Einleitung siehe: https://www.myview-wolfgangmebs.de/jahresendlich-besinnliches/

Frage 8:    Hoffen Sie angesichts der Weltlage:

                        a) auf die Vernunft

                        b) auf ein Wunder?

                        c) dass es weitergeht wie bisher?

‚C‘ auf keinen Fall, denn das würde voraussetzen, dass die aktuelle Weltlage gut und erhaltenswert ist. Wozu hat die Entwicklung der letzten Jahrzehnte geführt? Zu Entsolidarisierung, zu Egozentrismus statt Individualismus, zu einem Revival nationalistischer, autokratischer und faschistischer Strömungen, zu massenhafter Migration, zur Zerstörung unserer Lebensgrundlagen.

Und zu Corona.

WUNDER gibt es nicht. Nur Zufälle. Und Ereignisse, dessen Ursachen wir nicht zu erklären in der Lage sind, weil wir die ihnen zugrunde liegenden Mechanismen noch nicht kennen. Wer auf Wunder hofft, kann lange warten. Wer auf Wunder hofft, wird nicht selbst aktiv.

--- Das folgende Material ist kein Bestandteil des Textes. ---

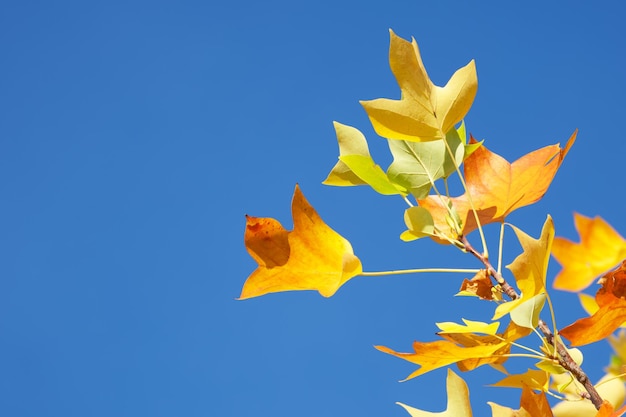 autumn leaves on a tree branch on the blue sky background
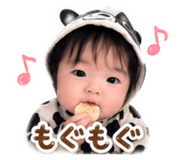 856264413
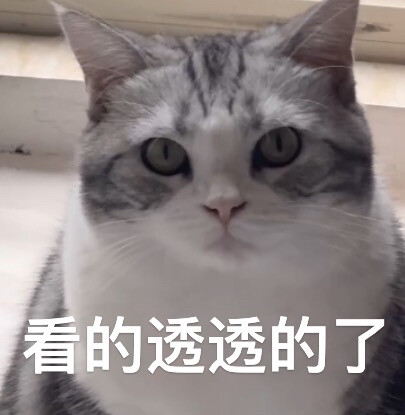 小猫猫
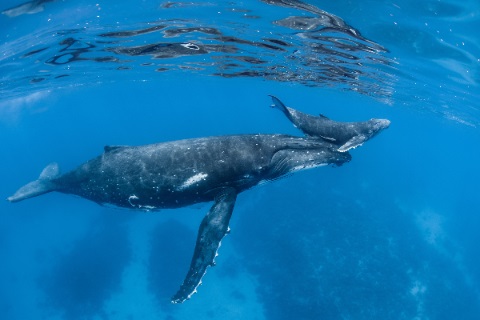 Whale with calf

Bleibt die VERNUNFT. Wirklich? Der Mensch ist ein mehr oder weniger intelligentes Tier. Es ist vernunftbegabt. Begabt! Leider macht es zu wenig daraus. Sonst wäre die Weltlage nicht, wie sie ist. Sonst hätte es die Inquisition nicht gegeben, keinen 30-jährigen Krieg, keinen Holocaust. Es gäbe keinen Genozid, keine Massenvergewaltigung, keine Folter, keine Fassbombe. Pole und Gletscher würden nicht schmelzen, unwirksame Antibiotika und Allergien nicht zum Normalfall werden, Schildkröten und Wale nicht an Plastik verenden. Aber das Animalische besiegt ein ums andere Mal die Vernunft, die egozentrische Emotion die Intelligenz, das kurzfristige „Ich will“ das langfristige “Wir sollten“.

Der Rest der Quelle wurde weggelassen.